Short web captions

%%

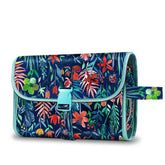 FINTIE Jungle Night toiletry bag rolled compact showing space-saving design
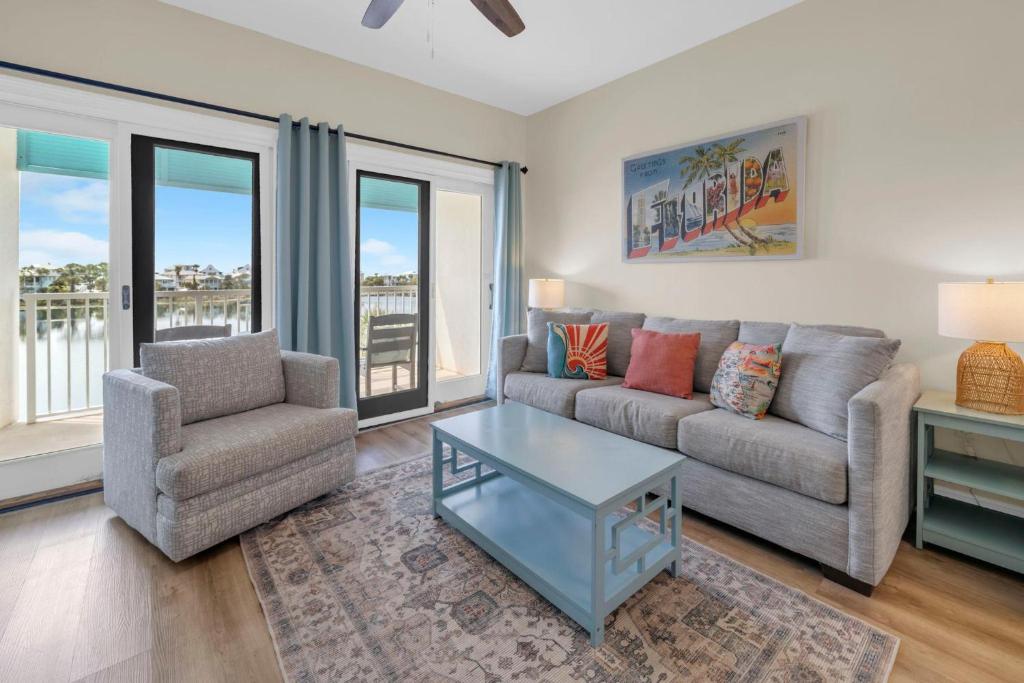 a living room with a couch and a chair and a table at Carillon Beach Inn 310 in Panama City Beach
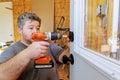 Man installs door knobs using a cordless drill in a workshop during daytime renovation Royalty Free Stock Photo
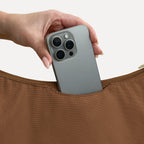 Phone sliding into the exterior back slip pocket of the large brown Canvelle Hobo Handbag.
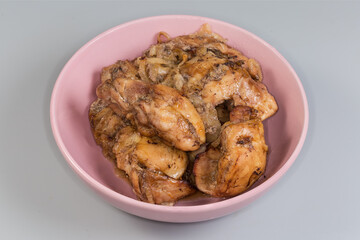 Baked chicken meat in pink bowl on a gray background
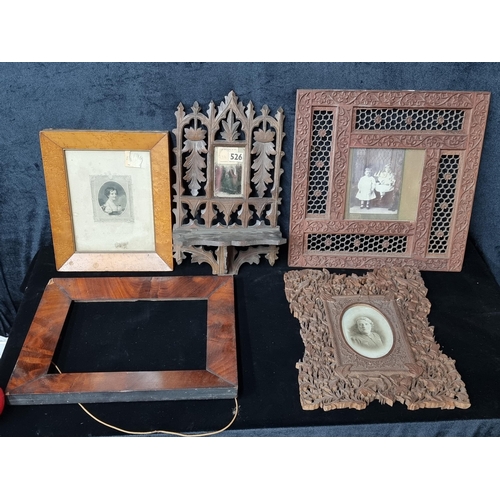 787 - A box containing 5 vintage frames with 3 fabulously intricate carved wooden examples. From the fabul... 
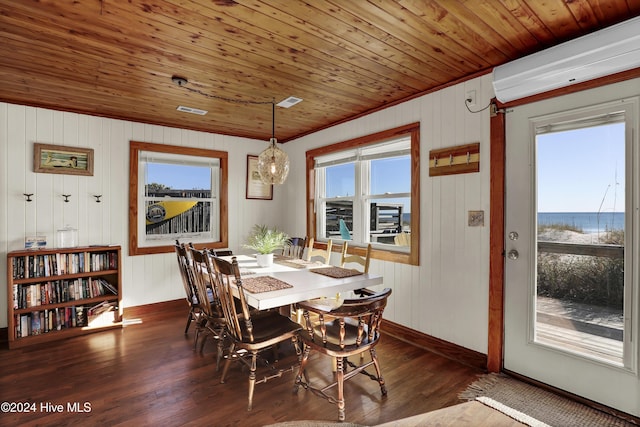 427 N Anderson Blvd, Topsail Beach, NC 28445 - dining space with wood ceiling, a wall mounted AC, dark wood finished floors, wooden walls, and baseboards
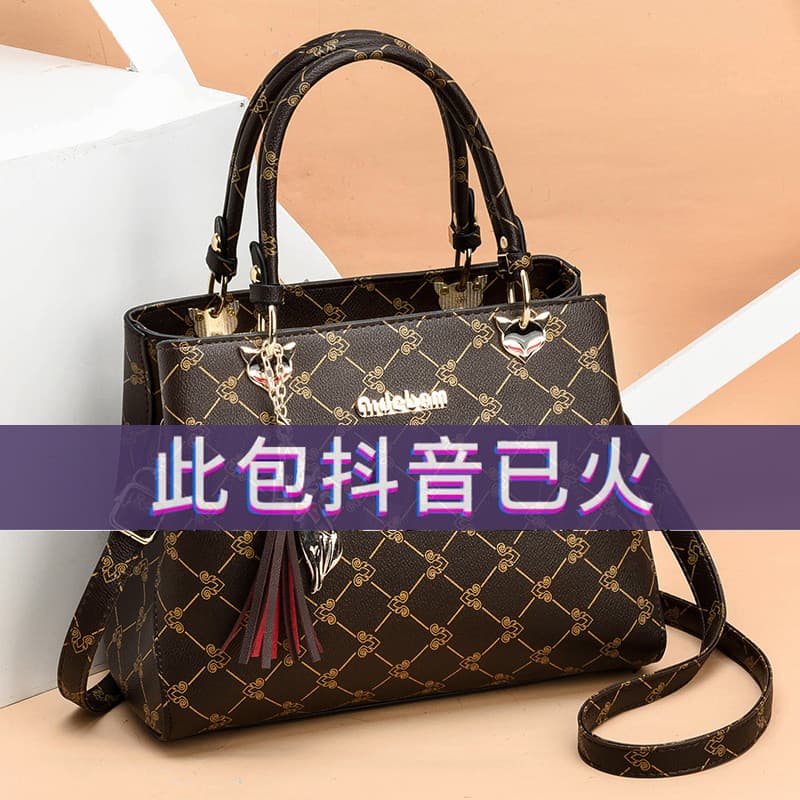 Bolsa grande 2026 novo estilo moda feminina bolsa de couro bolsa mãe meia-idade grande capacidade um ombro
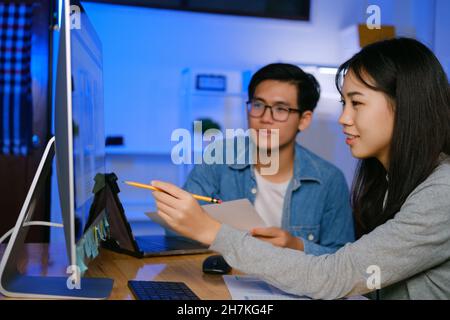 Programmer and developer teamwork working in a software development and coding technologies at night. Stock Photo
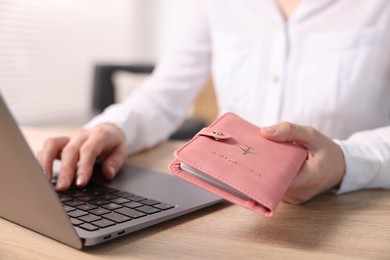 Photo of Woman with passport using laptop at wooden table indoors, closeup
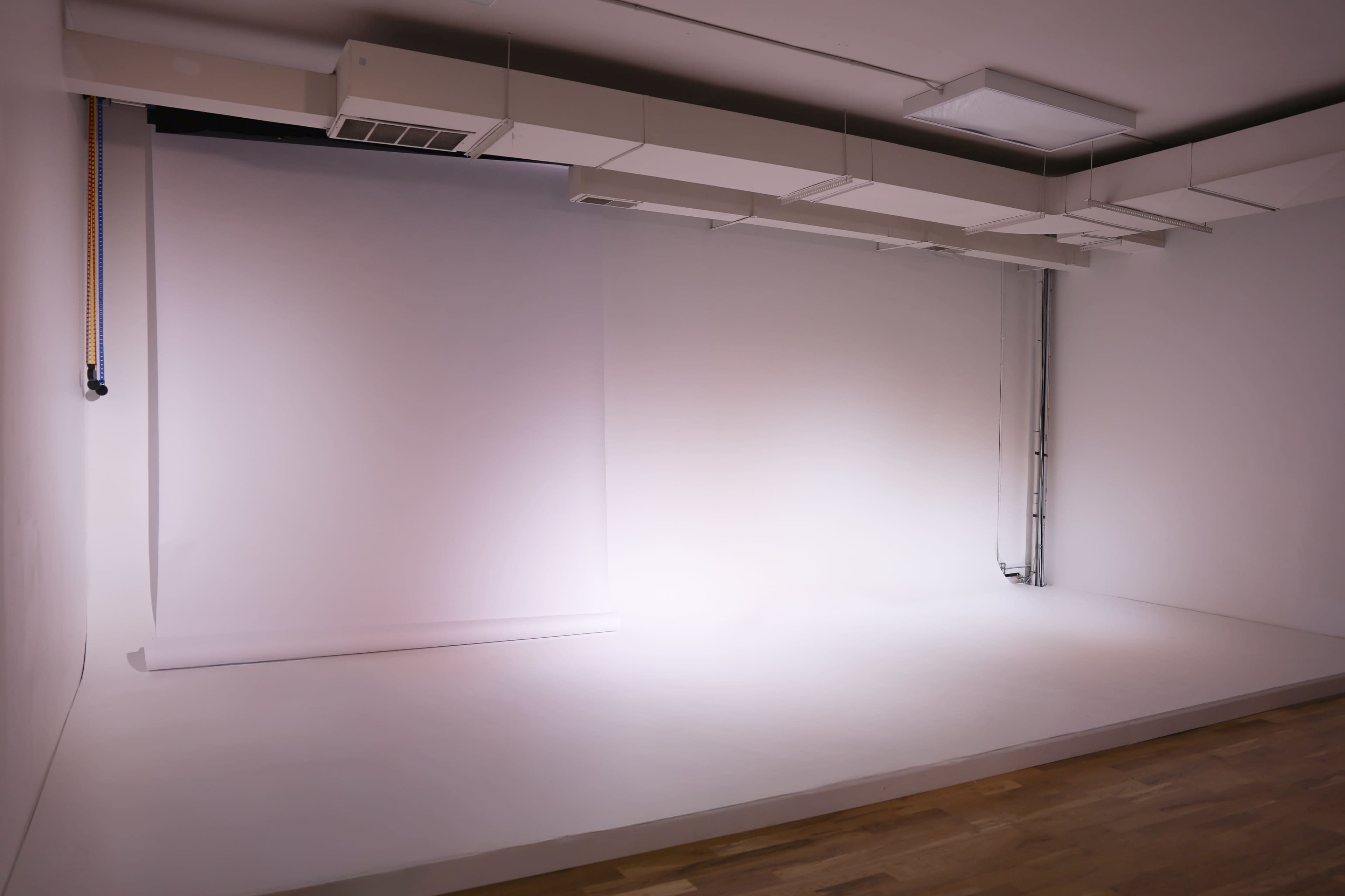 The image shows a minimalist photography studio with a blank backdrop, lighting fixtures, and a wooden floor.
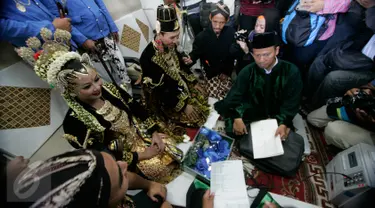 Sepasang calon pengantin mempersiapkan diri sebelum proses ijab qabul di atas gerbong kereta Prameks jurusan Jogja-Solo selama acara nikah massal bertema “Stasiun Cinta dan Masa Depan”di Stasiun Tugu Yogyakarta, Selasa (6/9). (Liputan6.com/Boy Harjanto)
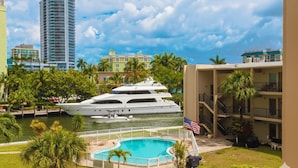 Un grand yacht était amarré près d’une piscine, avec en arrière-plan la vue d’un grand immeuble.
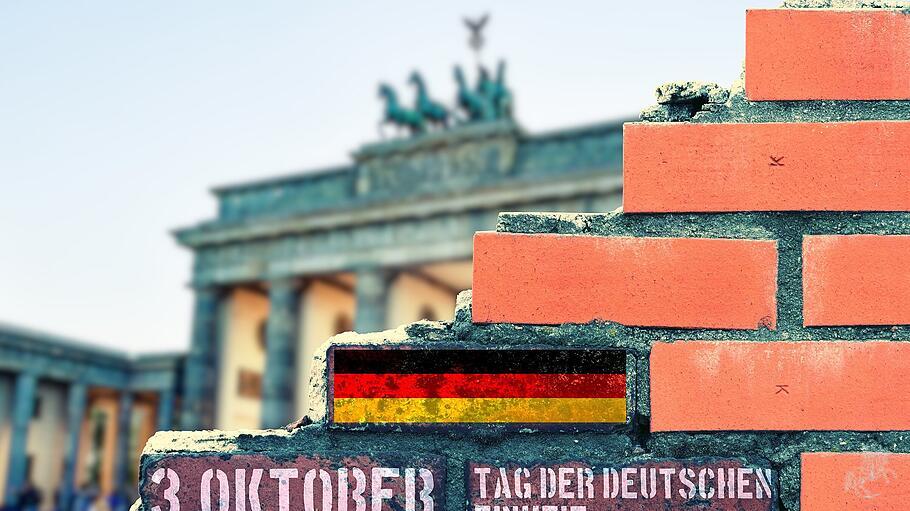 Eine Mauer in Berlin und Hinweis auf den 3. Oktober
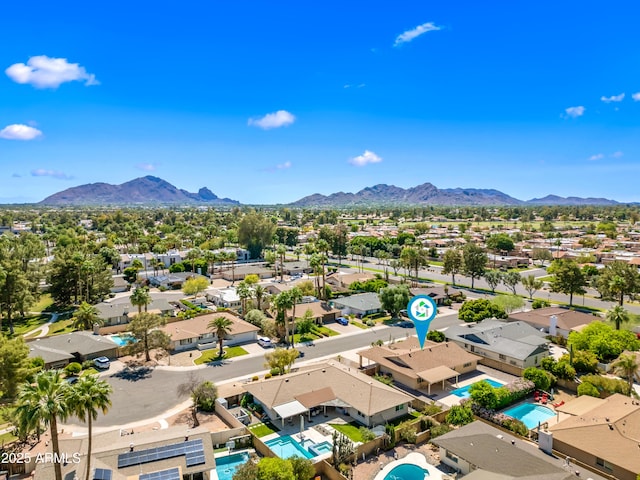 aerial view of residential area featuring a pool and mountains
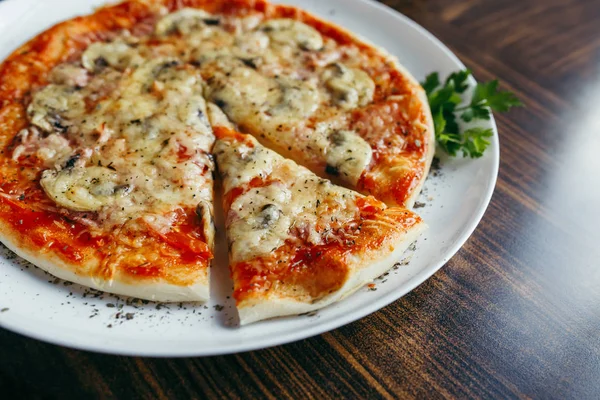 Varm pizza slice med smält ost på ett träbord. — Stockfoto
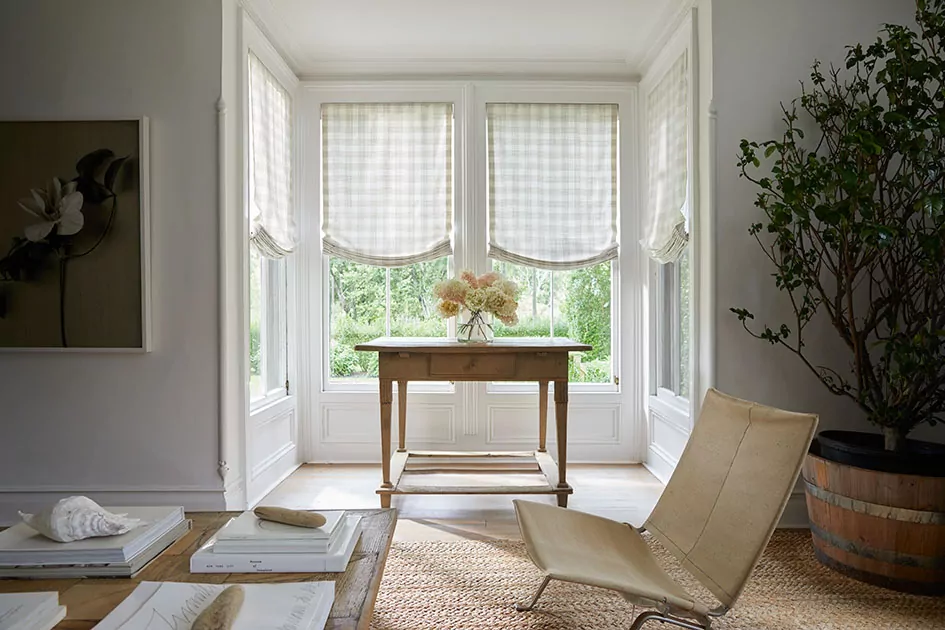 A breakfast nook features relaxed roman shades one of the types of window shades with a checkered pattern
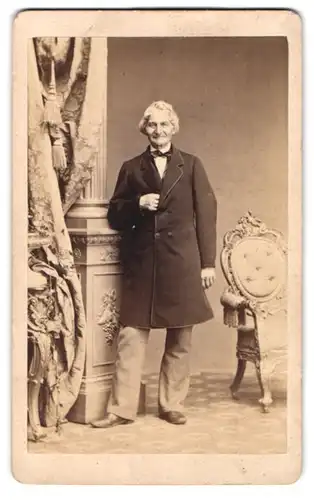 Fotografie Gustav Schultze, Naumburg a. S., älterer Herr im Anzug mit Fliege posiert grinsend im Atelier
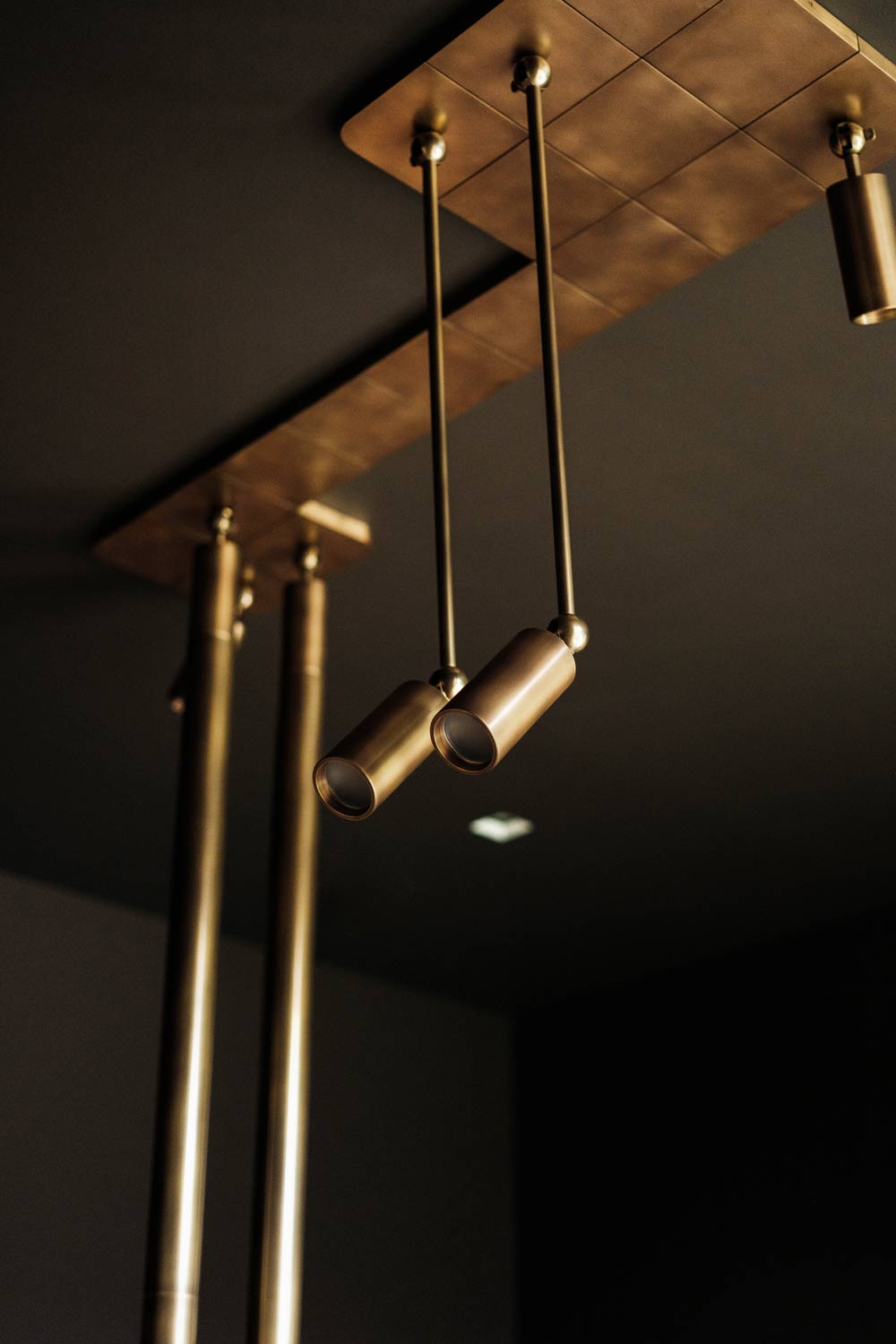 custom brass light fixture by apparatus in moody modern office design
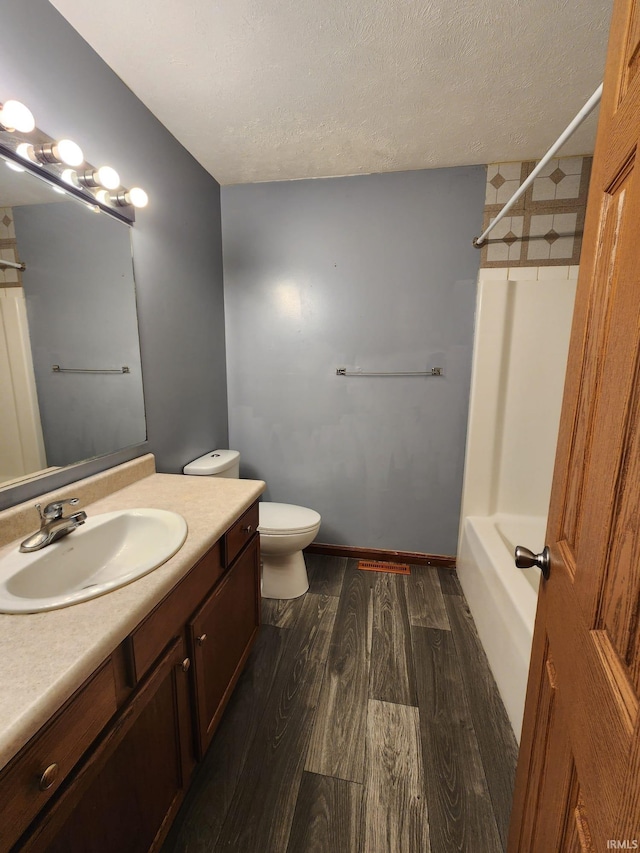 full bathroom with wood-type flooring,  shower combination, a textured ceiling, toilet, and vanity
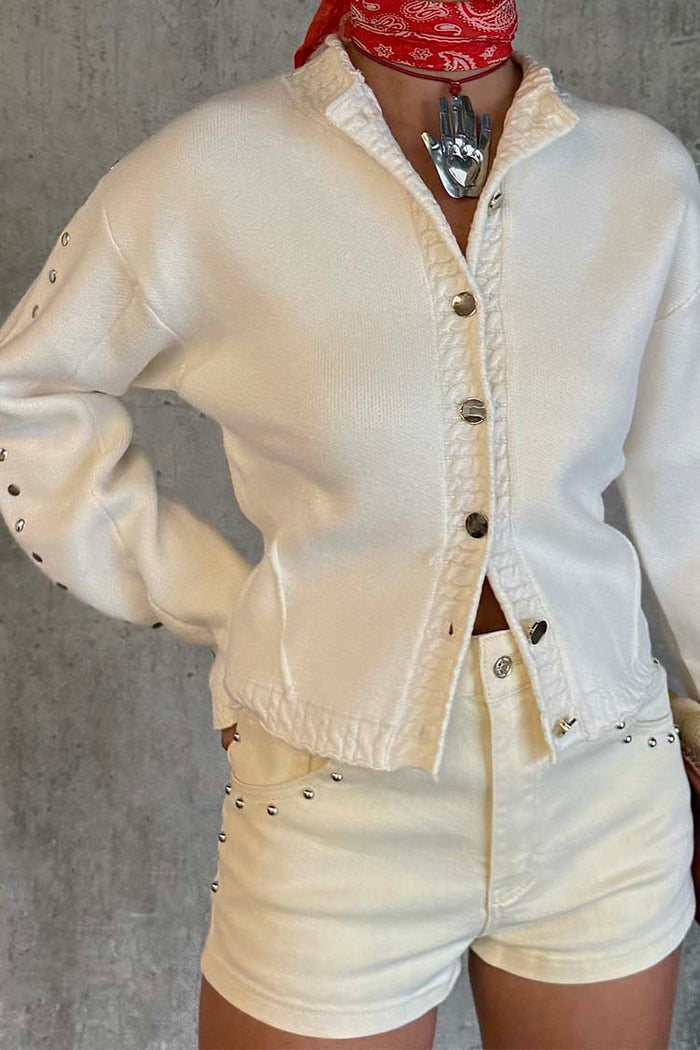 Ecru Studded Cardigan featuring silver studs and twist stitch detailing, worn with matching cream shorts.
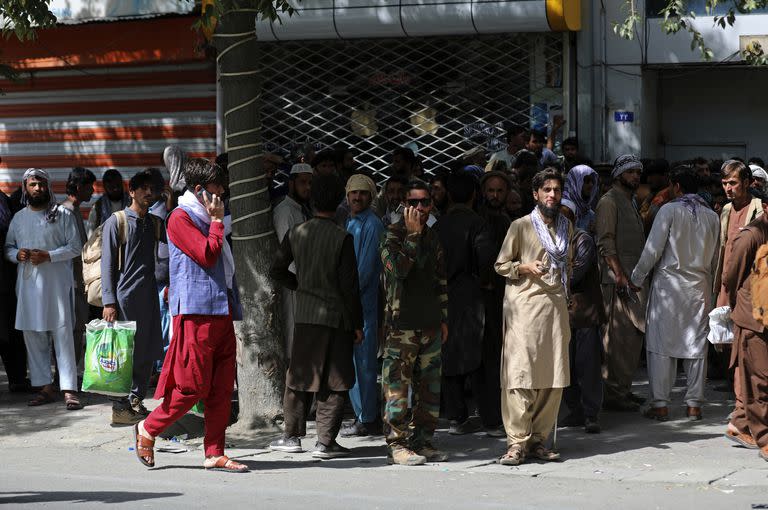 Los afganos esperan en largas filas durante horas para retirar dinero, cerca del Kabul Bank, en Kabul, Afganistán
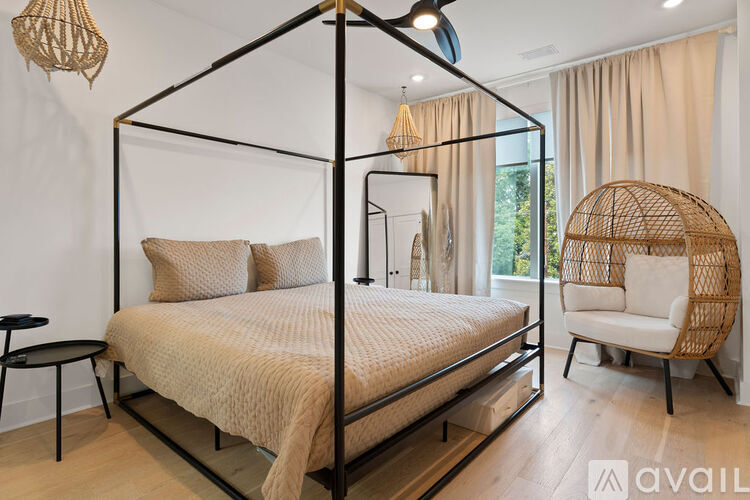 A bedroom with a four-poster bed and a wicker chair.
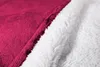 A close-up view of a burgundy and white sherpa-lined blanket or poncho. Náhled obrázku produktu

%%

**Activity:**
Repeat only the lines between the top of the entries above and the line containing "Un grand yacht", both ends included, without the pictures.

**Exercise output:**
 FINTIE Jungle Night toiletry bag rolled compact showing space-saving design
 a living room with a couch and a chair and a table at Carillon Beach Inn 310 in Panama City Beach
 Man installs door knobs using a cordless drill in a workshop during daytime renovation Royalty Free Stock Photo
 Phone sliding into the exterior back slip pocket of the large brown Canvelle Hobo Handbag.
 Baked chicken meat in pink bowl on a gray background
 787 - A box containing 5 vintage frames with 3 fabulously intricate carved wooden examples. From the fabul... 
 427 N Anderson Blvd, Topsail Beach, NC 28445 - dining space with wood ceiling, a wall mounted AC, dark wood finished floors, wooden walls, and baseboards
 Bolsa grande 2026 novo estilo moda feminina bolsa de couro bolsa mãe meia-idade grande capacidade um ombro
 Programmer and developer teamwork working in a software development and coding technologies at night. Stock Photo
 Photo of Woman with passport using laptop at wooden table indoors, closeup
 The image shows a minimalist photography studio with a blank backdrop, lighting fixtures, and a wooden floor.
 Sepasang calon pengantin mempersiapkan diri sebelum proses ijab qabul di atas gerbong kereta Prameks jurusan Jogja-Solo selama acara nikah massal bertema “Stasiun Cinta dan Masa Depan”di Stasiun Tugu Yogyakarta, Selasa (6/9). (Liputan6.com/Boy Harjanto)
 Un grand yacht était amarré près d’une piscine, avec en arrière-plan la vue d’un grand immeuble.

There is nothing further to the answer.